The angels uncoil new limbs
arms and legs torn from the sides of icebergs
ice fists like frozen trees clench and unclench
mountain bodies swivel underwater
turning to face us
under broken brows still cascading fragments of ice, the angels’ eyes fall on us.
the water roars in my head
train swaying on the tracks
carriage window throbbing against my face
So This Is Not Art last weekend. Four days in Newcastle attending (and performing at) the Electrofringe, Sound Summit and National Young Writers’ Festivals. Utterly unbelievable, totally exhausting. Three days of panels, forums, workshops, lectures, screenings, performances and gigs from a massive range of international artists. It would be stupid of me to try and pick highlights, because there was a highlight every three or four hours from Thursday night to Monday morning. Best to focus on just two things and come back to the rest later.
Performed at the New New, a performance of experimental poetry as part of the NYWF. Did all the pieces that weren’t up to standard and god is a renegade, and the audience was totally lovely and seemed to enjoy them. Presented alongside Simon Cox and the DKDC Collective. DKDC = a group of Sydney performers (including Nick Keyes, who once played Mr White against my Mr Pink in a Reservoir Dogs extract for Drama in Year 12) jamming and group improvising on a piece of found text (in this case a scrap of mid-20th century Christian commentary on divorce) backed with sounds by Cleptoclectics. The performance itself had highs and lows, but the process was really exciting to watch – like a verbal equivalent of the physical improvisations I did with Buzzing Productions or the Viewpoints techniques I saw Tess Jamias use with Tanghalang Pilipino.

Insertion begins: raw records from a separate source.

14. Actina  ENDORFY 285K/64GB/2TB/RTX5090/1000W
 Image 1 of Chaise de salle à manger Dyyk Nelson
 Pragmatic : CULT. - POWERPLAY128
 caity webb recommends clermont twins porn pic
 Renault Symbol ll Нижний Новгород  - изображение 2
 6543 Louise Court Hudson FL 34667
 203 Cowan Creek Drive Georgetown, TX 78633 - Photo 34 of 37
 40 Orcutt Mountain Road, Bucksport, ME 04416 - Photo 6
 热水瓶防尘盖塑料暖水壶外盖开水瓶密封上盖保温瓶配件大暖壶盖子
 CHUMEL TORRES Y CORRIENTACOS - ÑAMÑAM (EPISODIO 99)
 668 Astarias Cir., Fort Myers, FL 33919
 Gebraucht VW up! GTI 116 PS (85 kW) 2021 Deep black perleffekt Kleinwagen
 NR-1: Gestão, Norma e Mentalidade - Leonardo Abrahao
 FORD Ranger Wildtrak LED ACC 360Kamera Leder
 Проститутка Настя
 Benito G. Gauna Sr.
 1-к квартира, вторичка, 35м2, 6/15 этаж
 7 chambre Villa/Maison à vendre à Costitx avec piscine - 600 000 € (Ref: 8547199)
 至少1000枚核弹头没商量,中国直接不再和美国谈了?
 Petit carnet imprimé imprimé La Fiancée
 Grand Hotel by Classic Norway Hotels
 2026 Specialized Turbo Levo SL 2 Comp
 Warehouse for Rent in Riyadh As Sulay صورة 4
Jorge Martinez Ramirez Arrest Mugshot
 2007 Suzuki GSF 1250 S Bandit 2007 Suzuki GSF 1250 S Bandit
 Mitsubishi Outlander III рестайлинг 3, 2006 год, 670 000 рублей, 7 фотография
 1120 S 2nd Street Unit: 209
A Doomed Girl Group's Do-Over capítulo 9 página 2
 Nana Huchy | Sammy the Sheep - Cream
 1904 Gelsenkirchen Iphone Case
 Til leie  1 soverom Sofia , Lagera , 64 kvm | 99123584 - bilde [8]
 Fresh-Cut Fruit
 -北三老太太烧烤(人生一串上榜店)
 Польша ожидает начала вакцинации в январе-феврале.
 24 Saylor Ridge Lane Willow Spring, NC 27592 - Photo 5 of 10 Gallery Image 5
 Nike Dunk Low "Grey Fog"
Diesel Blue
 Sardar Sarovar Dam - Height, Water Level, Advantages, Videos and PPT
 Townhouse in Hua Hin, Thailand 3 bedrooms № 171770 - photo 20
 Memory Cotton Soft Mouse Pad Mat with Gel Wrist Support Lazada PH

The only other thing I’ll mention is the TINA official gig on Saturday night, because I’m still semi-stunned by it. Easily one of the most amazing gigs I’ve ever seen, with a line-up of incredible sound artists from around the world. Ralph Steinbruchel (Switzerland) packed in a dense sound-fog which delivered awesome Antarctic visions straight into the back of my brain. Jason Kahn (USA) played a stunning piece with one hand playing a customised drum and the other processing the sound through a mystery piece of hardware. Sebastian Roux (France) played a lovely minimal piece which seemed (from my vantage point) to ebb and flow with the conversation in the bar, studded with bursts of frenetic laser sounds. Leafcutter John (UK) performed a set of ballads with acoustic guitar and eery singing, beautifully layered and transformed through a laptop. (Also one of the most bizarre moments in a gig I have ever seen. When a heckler demanded something to dance to, Leafcutter invited him up on stage and proceeded to waltz with him in complete serious silence, before sitting him at the drum kit and using him as backing on the next song. Brilliant or deranged, I haven’t decided yet.) Pimmon (Australia) produced a gorgeous grinding soundscape with the faintest traces of vocals emerging from under the mulch. Then suddenly he broke out a crunching rock riff, and there was dancing and excitement before it decayed into a thick rich sound-mulch. I curled up against the speakers and dreamed of Aenas and the Sybil crossing the river of death to the land of the dead in chapter 4 of Virgil’s Aenid. Finally, Tim Hecker (Canada) laid out a rapturously beautiful hour of warm, thick sounds and drowned us in a rushing audio-haze.
Most recently: Reuben, Chris, Nickamc, Muttley and myself (aka Sevenen, Alethiometer, the Outloudthinker, Funky Squad and Blind) played the last ever fight fire with knives gig at the Phoenix Bootlegs tonight. We mixed in a couple of verses of Ice Cube’s Today was a good day and Lee Marvin’s opening speech from Godspeed You! Black Emperor’s Dead Flag Blues and closed with Polyrhythms and it was forever fun.